- Born: 1856
- Died: 1891 (aged 34–35)
- Occupation: Actor

= Paul Molyneaux =

African-American actor in Victorian England

Paul Molyneaux (c.1856–1891) was an African-American actor, who performed as a Shakespearean actor in Victorian England.

==Life==
Molyneux was the son of Aaron Molyneaux Hewlett, a physical education instructor at Harvard University, and Virginia Josephine Lewis. His sister Virginia Hewlett married Frederick Douglass Jr., and his brother Emanuel D. Molyneaux Hewlett was the first black graduate of the Boston University School of Law.
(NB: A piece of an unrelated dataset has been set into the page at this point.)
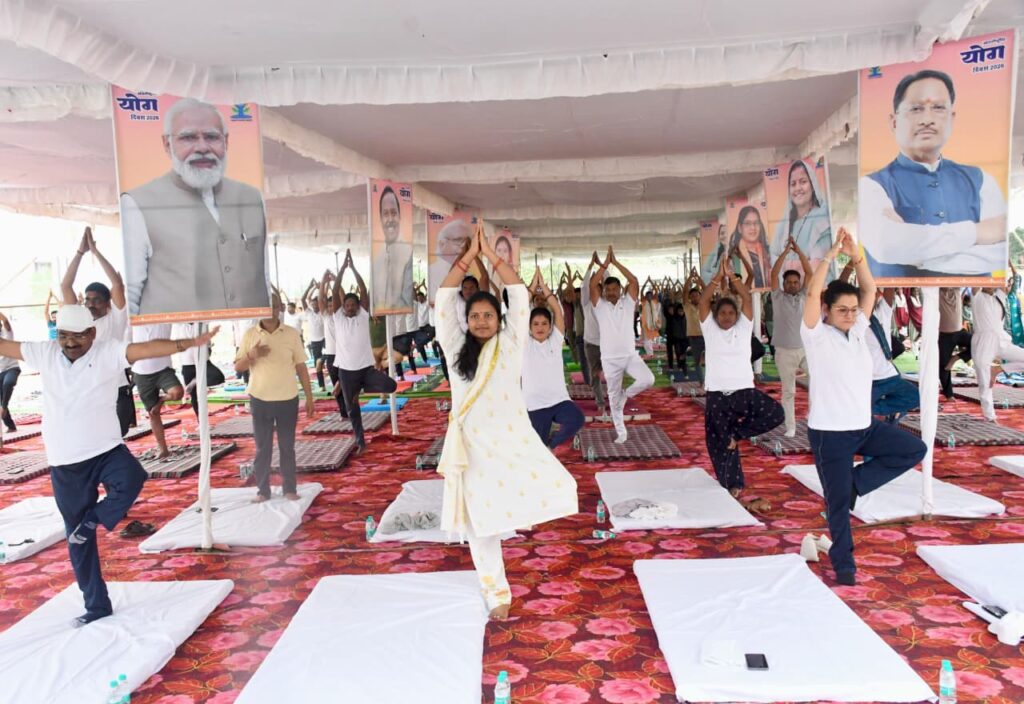 योग से स्वस्थ जीवन का संदेश: मंत्री लक्ष्मी राजवाड़े ने किया सामूहिक योगाभ्यास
Until his father's death in 1871, Molyneaux helped him as a boxing coach. He then started training as an actor under the retired actor Wyzeman Marshall. Later in the 1870s Molyneaux toured America with Georgia Gordon Taylor's Jubilee Singers.
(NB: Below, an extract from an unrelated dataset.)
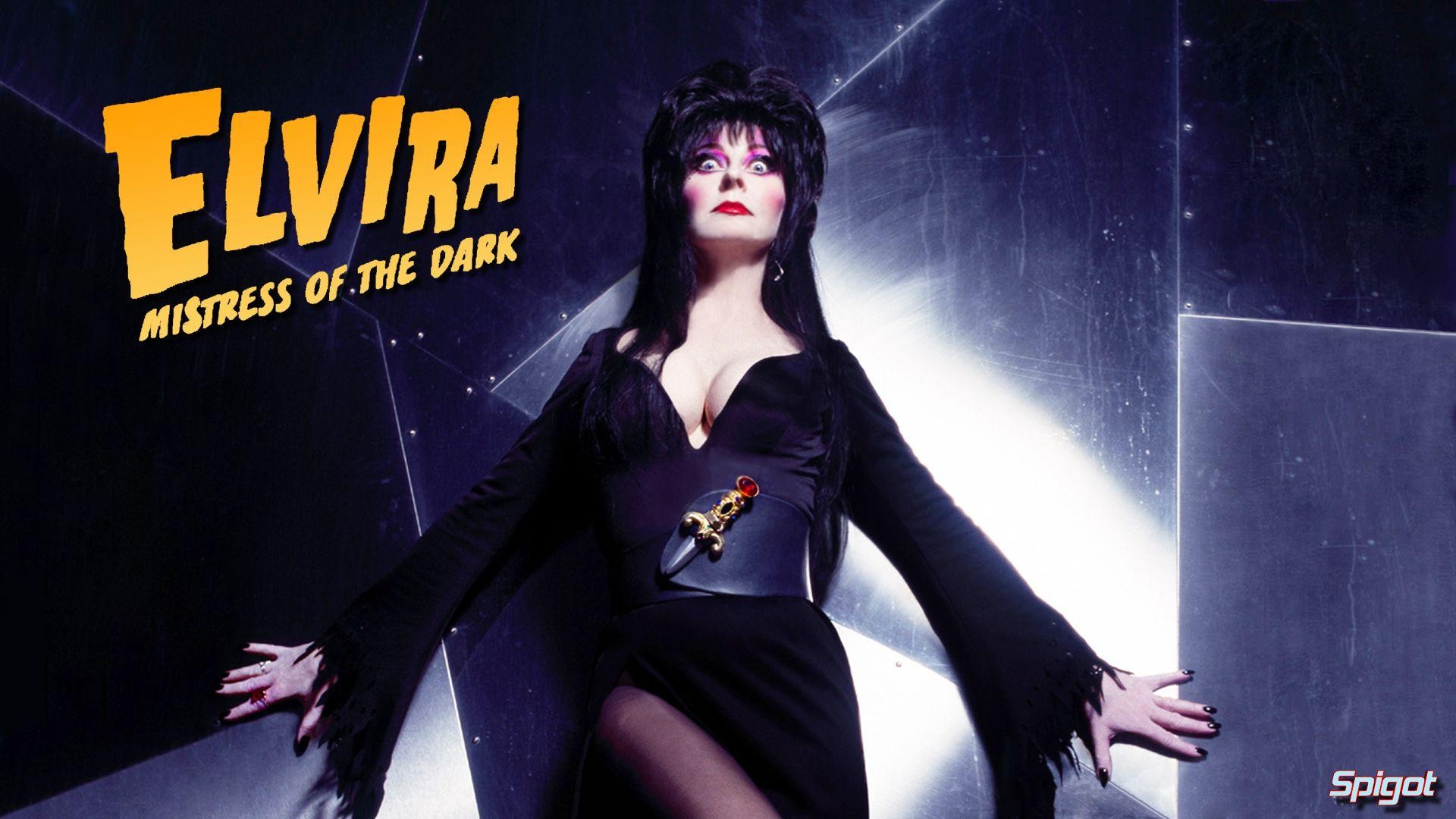 Halloween 2021, Elvira: nuovi video Netflix & Chills e nuova action figure NECA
In 1880 he recruited a supporting company to play Othello to a mixed Boston audience.By 1881 he had come to Britain, where he made his acting debut playing Othello and Richard III in North London.Though the New York Globe reported favourable reviews, Molyneaux complained of the prejudice he faced in a pamphlet he sent back to America, The Curse of Prejudice; or, a Struggle for Fame. His self-financed productions proving unviable, he rejoined the Jubilee Singers, who were by now touring the United Kingdom. He became their speaker, lecturing on the condition of black people in America. Unemployed in 1886, he secured three years work touring Scotland with a production of Uncle Tom's Cabin.

Around 1889 he returned to America, where he lived with his lawyer brother in Washington DC, and died there "from brain trouble" in 1891.